Along those lines, here are four real estate lessons all of us can take from the 1 percent:

1. Take advantage of government programs/assistance. When the big banks — whose execs certainly belong to the 1 percent — began to experience the fallout of the subprime mortgage meltdown, they threw up their hands, pleaded their case, enrolled governmental advocates and got the bailouts we now know as the $700 billion Troubled Assets Relief Program, or TARP.

Yet many an individual American, whose personal finances have too much at stake to fail — at least as far as their household and local communities are concerned — struggle silently to make their monthly mortgage payment.

More than 20 million American households are upside down on their mortgages. The Obama administration‘s foreclosure avoidance program, Home Affordable Refinance Program (HARP), was designed to help 5 million homeowners refinance into lower interest rates and payments.

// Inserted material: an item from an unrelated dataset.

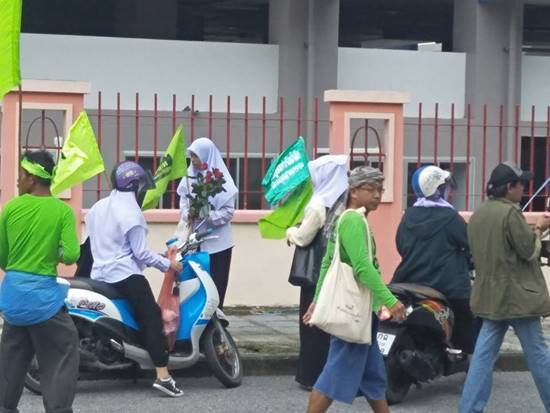 ปะทะเดือด ! ม็อบค้านโรงไฟฟ้าเทพา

At last count, earlier this fall, HARP had actually helped only 62,500 seriously underwater homeowners, and fewer than 900,000 homeowners total — a number so low Congressional Republicans sought to wind the program down. The Obama administration revised the program in hopes of helping more homeowners. (In 2009, the administration projected 4 million HARP refinances by fall 2011.)

The Main Street bailout is here and, whether you think it’s sufficient or not, it seems indisputable that it is vastly underutilized.

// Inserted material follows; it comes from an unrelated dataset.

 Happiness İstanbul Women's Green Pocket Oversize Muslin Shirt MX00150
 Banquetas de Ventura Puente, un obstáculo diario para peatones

In an effort to get more help to the homeowners who need it, the Obama administration loosened up qualifying criteria; the revised guidelines just kicked in on Dec. 1, 2011. The 1 percent looks to the government when they are down on their luck; so should you.

2. Take full advantage of the tax code. Many members of the 99 percent have decried the complexity of the tax code and its loopholes that favor the rich. Lauder’s son, for example, has reportedly deferred or avoided tens of millions in federal taxes by donating art to his own foundations, deducting of property taxes on an extensive real estate portfolio, making massive charitable donations, and derivative stock transfers — deductions accessible only to those rich enough to own such assets in the first place!

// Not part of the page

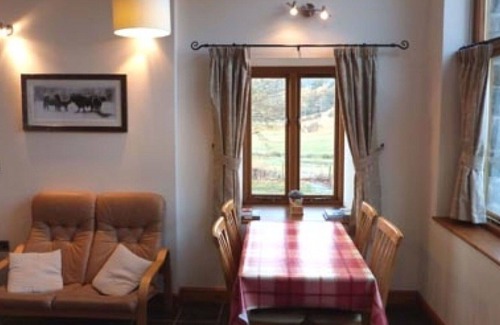 Machynlleth House | Beautiful private villa for 4 guests with TV, patio, panoramic view and parking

Besides the better-known federal mortgage interest and property tax write-offs, there are numerous, less well-known deductions of which “99 percent-ers” should take full advantage.

Some areas allow renters to take a property tax credit. Similarly, homeowners who switch to solar or installing a tankless water heater can get the federal government to help pay via tax credits, some of which expire soon, others of which will be longer lived. It won’t line your pocket with millions, but every little bit helps.

3. Pay for professional advice when it counts. You’d be amazed at the number of buyers, sellers and homeowners I’ve heard reference real estate advice they received from their parents, their mechanic and the other moms at day care — and that doesn’t even begin to count the folks who try to distill insights just from a headline in the national nightly news or from a story they overheard at the hairdresser about the amazing deal they were able to negotiate (and, by the by, everyone exaggerates at the hairdresser!).

I assure you, Mr. Lauder pays a virtual army of attorneys and accountants a pretty penny for his tax advice. And the rest of us should make the appropriate investment in obtaining experienced, local, professional advice when it comes to making potentially life-changing real estate, mortgage and tax decisions.

4. Don’t let emotion cloud your decisions. Members of the 99 percent often stay emotionally committed to a home or a list price despite the fact that it is absolutely a losing battle, the data completely contradicts our commitment, or that the living situation no longer works for the people who live in the household.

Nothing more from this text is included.